Kind of. The issue is structured in short vignettes that introduce crucial characters, starting with Jordan and Malik, two kids walking home from school. This, the first sequence in the book, is one of the most interesting, as Malik tells Jordan a story about a Pharoah — "a teenage girl-king" from Thebes, Egypt 1458 B.C.E.
The modern-day voice of Malik's narration over the flashback scenes of ancient history is inspired, which makes it a little sad that Malik and Jordan are so quickly gone from the narrative. The book cuts, six pages in, away from them, and doesn't go back. Instead, we dive into the story that the preamble explained: a tale of two towns in the same county, Ashthorne and the City of Sacred. The towns are at odds, with Ashthorne populated by pacifist vampires who don't prey on humans and the City of Sacred filled with, as the vampires describe, "religious fanatics" who want to destroy the peaceful vamps.
After the lynching of a zombie, who was attacked because he was assumed to be a vampire by the denizens of the City of Sacred, the vampires of Ashthorne meet to discuss their problem, this, the battle between the two towns, the meddling of Cadirata, an ancient vampire who wants to go to war with the City of Sacred, is compelling. It reminds me of True Blood in all of its allegorical goodness, as well as in its dark humor.
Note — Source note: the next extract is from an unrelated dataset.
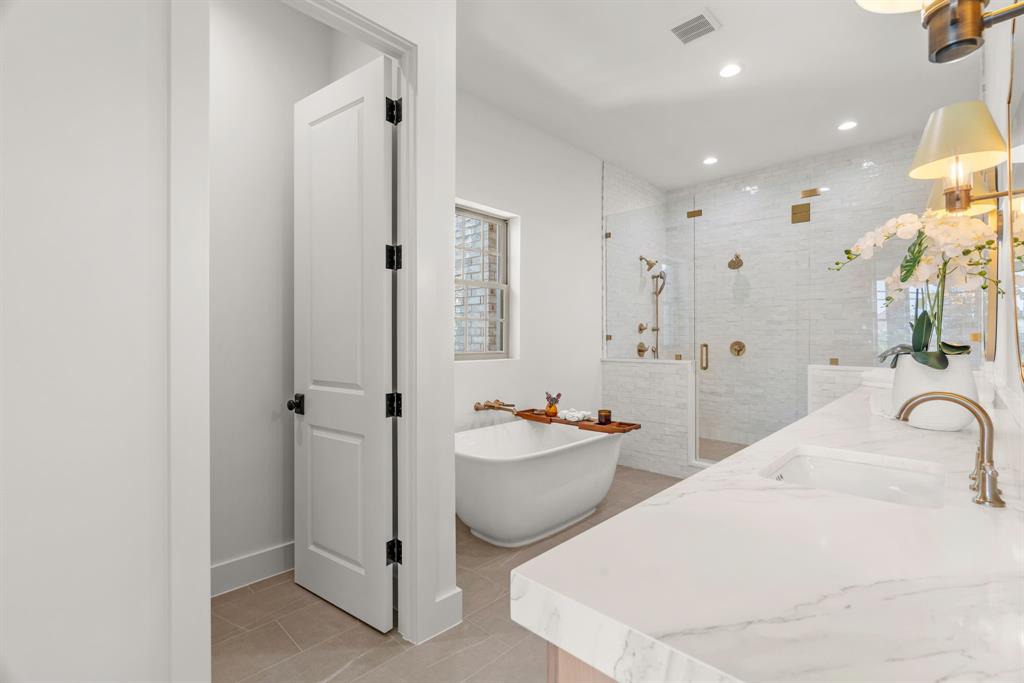 Country Club Estates - Residential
The dramatic depiction of the zombie hanging from the tree, only for the creature, introduced as Sully, to say mutter, "I'm really getting sick of this" after being taken down is a standout moment. It's when the narrative strays from the tension between these two towns that I found it, as a new reader, most hard to follow. We're introduced to Chastity, who shoots zombies in a blaze of glory before the big pull back to reveal she's shooting a movie. Mid-page rapid cuts to a pile of final notices and Chastity in a vacant airport, followed by a cut to Draculina and people watching her, were tough to follow.
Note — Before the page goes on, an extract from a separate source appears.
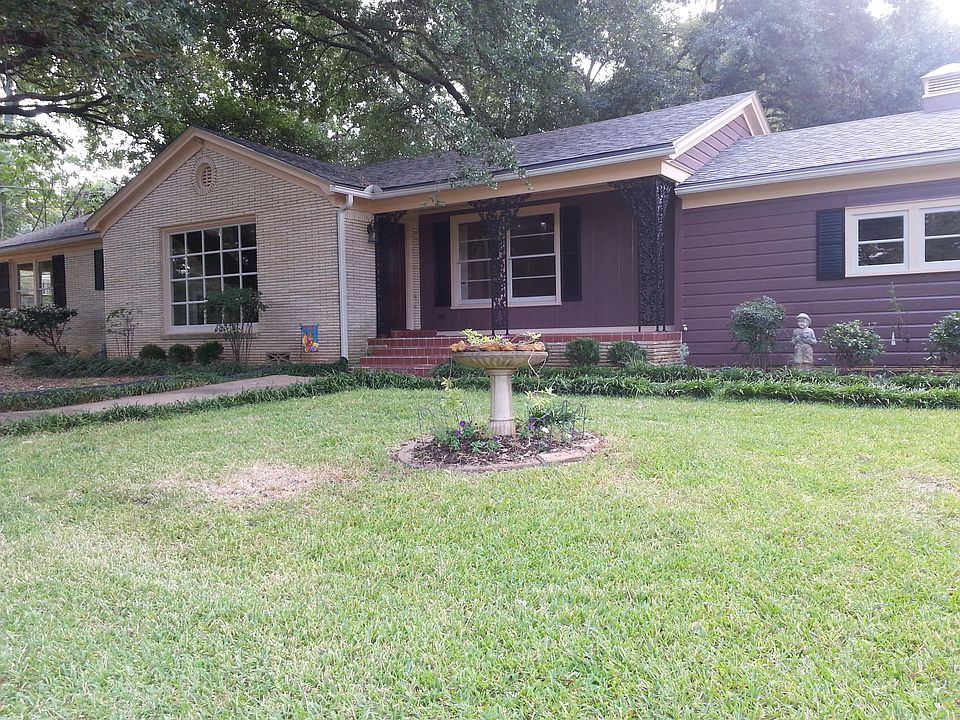 1st image of 812 Highland Dr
While the narrative remains compelling and the art by both artists as well as colorists June Chang and Mohan and letterer Willie Schubert make for a beautiful book, almost every panel is a medium or close-up shot. This leads to a great deal of dialogue coming from off-panel, as the art focuses so closely on the characters that it is difficult to tell what is going on around them. Wider shots, or just a greater variety of angles and perspectives, would make this book easier to follow. New readers are meeting a large cast for the first time, so any visual cues to help contextualize these characters in every scene would have improved upon the comic.
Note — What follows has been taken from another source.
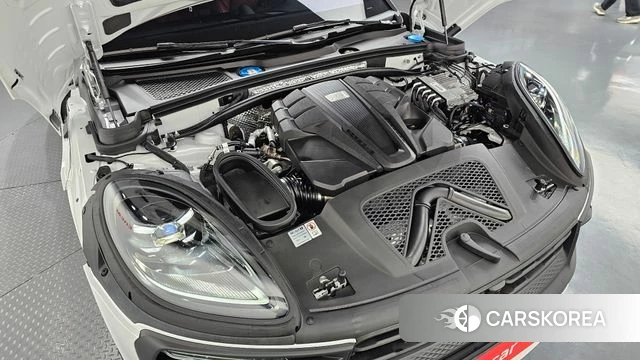 Porsche Macan id 4469323 из Кореи 31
All in all, Sacred Six #1 is well-written if a bit hard to follow for the uninitiated. It's the opening scroll of text that gives enough background information to save this issue. The story of the conflict between Ashthorne and City of Sacred seems like one that will be worth following, but my advice would be to begin where editor Matt Idelson, in one of his captions, harkens back to Priest's Vampirella run.